Durant can only carry so great a burden.

Harden is chronically out of shape. He can't manufacture whistles the way he wants to anymore. He is a step slower trying to maneuver through faster-closing spaces. And it all could be worse if he was not shooting 40% from distance for the first time in his career. Yet, he has a far greater sample size from which he can argue he is merely playing his way back to perennial MVP-caliber form after the hamstring injury.

"As much as I want to get back to just [scoring] 30 and 40 points, I can’t do that [right now]," Harden said a handful of games into this campaign. “I had no opportunities to play pickup or nothing this summer. Everything was rehab for three months from a Grade 2 injury that happened three times in one season."

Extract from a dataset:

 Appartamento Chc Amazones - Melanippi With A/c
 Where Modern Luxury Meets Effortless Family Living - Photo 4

This is months after he declared at his charity softball game in August, when asked by KPRC-TV reporter Ari Alexander what Nets fans can expect this season, "Healthy James Harden. It's scary — scary hours."

When Harden suffered a Grade 1 hamstring strain in October 2018, he returned three games later to average a career-high 36.1 points per game, playing all but one of his remaining 75 outings. It is possible three high-usage seasons and a worse hamstring injury later that it takes six months to return to form. It is also possible that two straight offseasons of minimal commitment to conditioning have compounded to turn a player who never missed more than 10 games in a season in his 20s into one more prone to injury.

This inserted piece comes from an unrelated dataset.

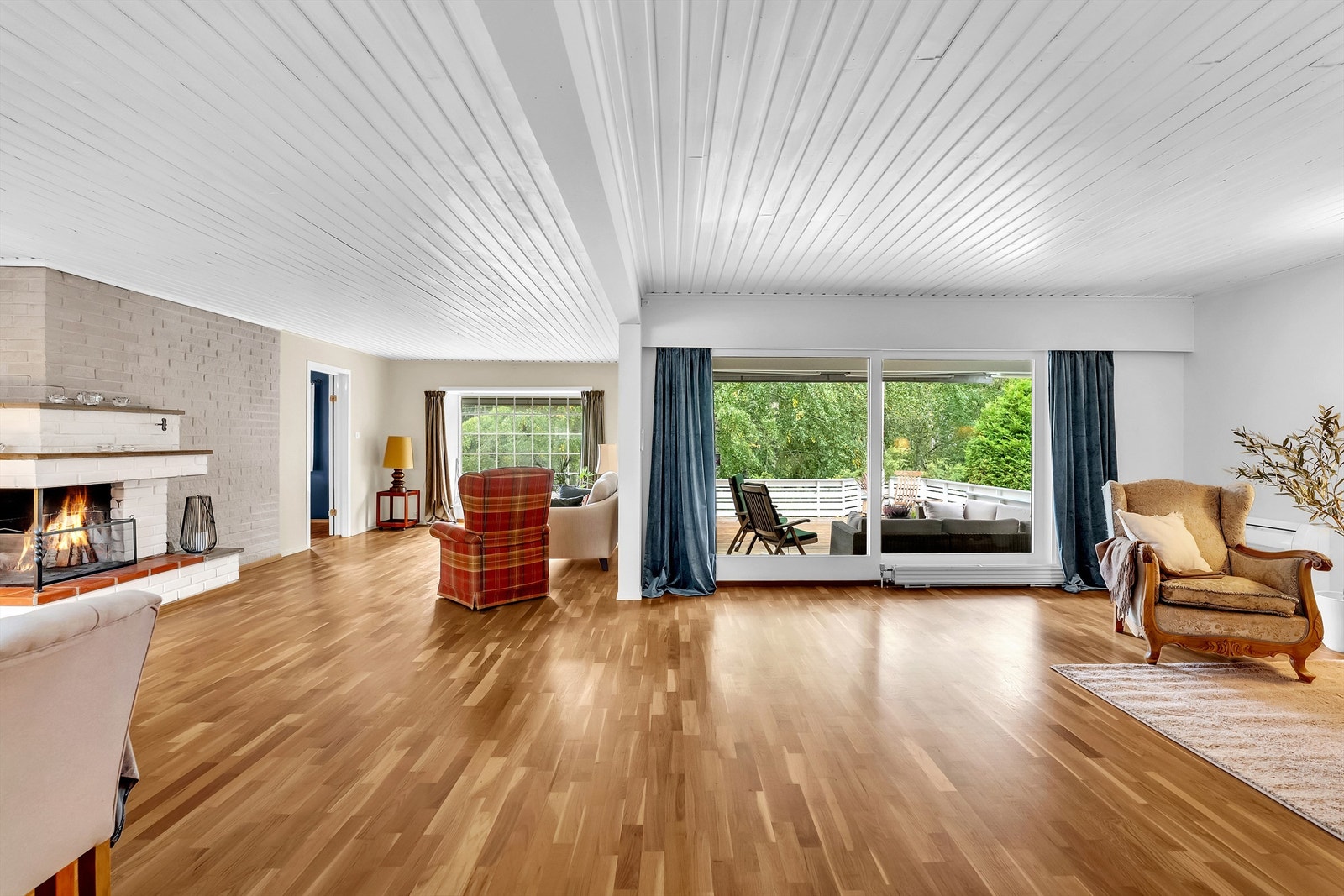 Store vindusflater mot frodig hage Galleribilde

There is enough here to wonder if this could be the start of a permanent dip in Harden's production. It is too early to make that determination, but it is not too early to think any drop-off would be enough to lower Brooklyn's ceiling from a team that can win a title without Irving to one that needs Irving more than ever.

Determination: Fact

Russell Westbrook and James Harden did not work as a tandem, and they are struggling to make their latest partnerships work, too. (Toshifumi Kitamura/AFP via Getty Images)
Russell Westbrook and James Harden did not work as a tandem, and they are struggling to make their latest partnerships work, too. (Toshifumi Kitamura/AFP via Getty Images)

The Wizards won the Russell Westbrook trade in a blowout

Give Washington Wizards general manager Tommy Sheppard the Executive of the Year award already, because he fleeced Los Angeles Lakers counterpart Rob Pelinka in August's Russell Westbrook trade.

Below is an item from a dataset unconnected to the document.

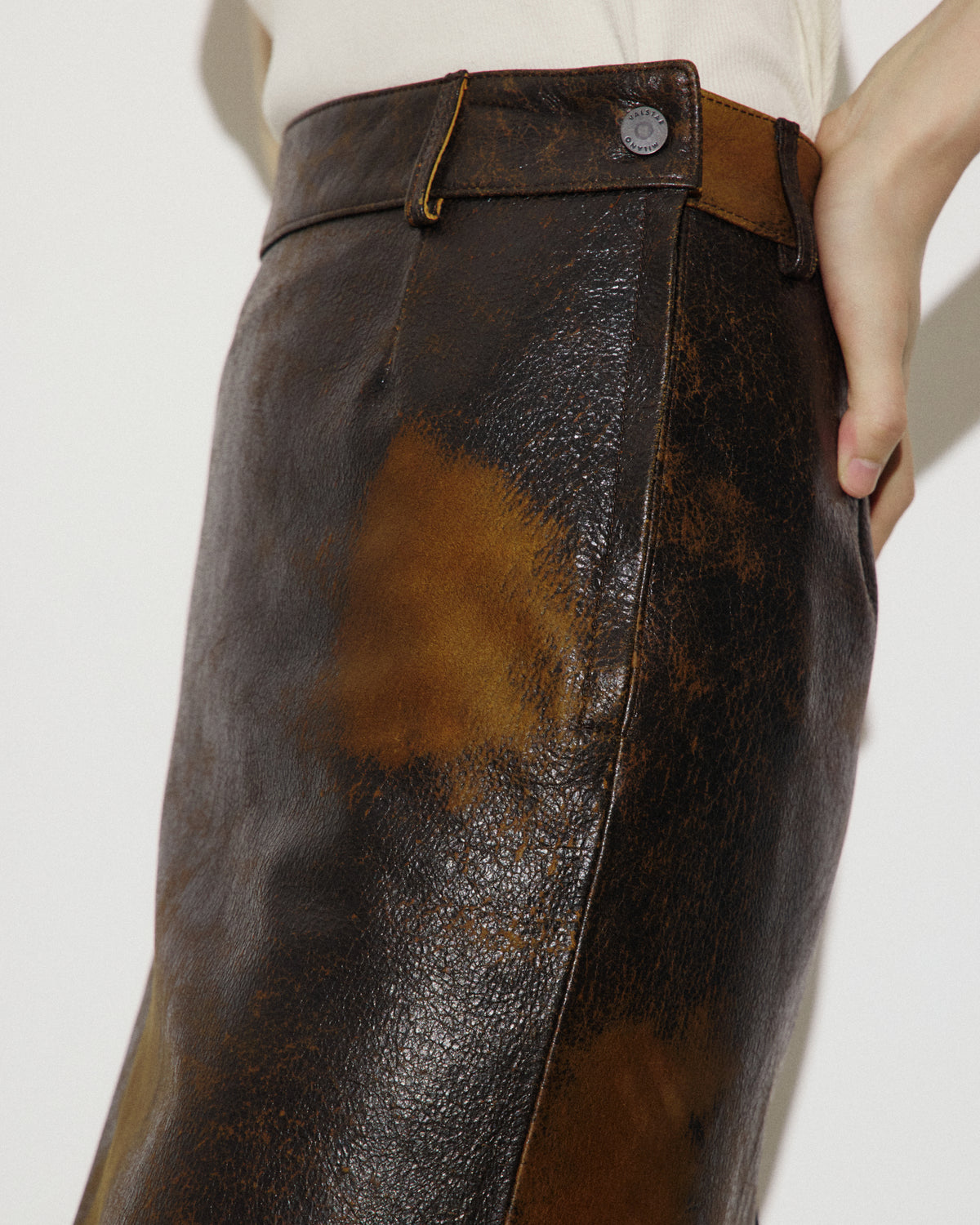 Gonna tubino in nappa crackle. Marrone - Moro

Three more teams eventually joined the deal, and Sheppard emerged with Spencer Dinwiddie, Kentavious Caldwell-Pope, Montrezl Harrell, Kyle Kuzma, Aaron Holiday, the No. 31 pick in the draft and some cash. All it cost the Wizards was Westbrook, Chandler Hutchison and a handful of extraneous second-round picks.

Even if we were to concede that Westbrook, four years removed from an MVP season, is the best player in the deal, Washington walked away with at least the second- through sixth-best players, pending the draft results. And who is to say this year's No. 31 pick, stretch big Isaiah Todd, will not be the best of the bunch.

Westbrook has not been the best player in the trade, either. He has been a detriment to the Lakers, who are 7.9 points per 100 non-garbage possessions better with him off the floor, according to Cleaning the Glass.

He is averaging 19.3 points per game on 42/28/66 shooting splits. Only 12 players who have attempted at least 100 field goals this season own a worse true shooting percentage, and four of them are rookies. His league-leading 64 turnovers cast a shadow over his 8.9 assists per game. The Lakers sacrificed multiple quality defenders to get Westbrook, and their defense has dipped from league-best to middle of the pack.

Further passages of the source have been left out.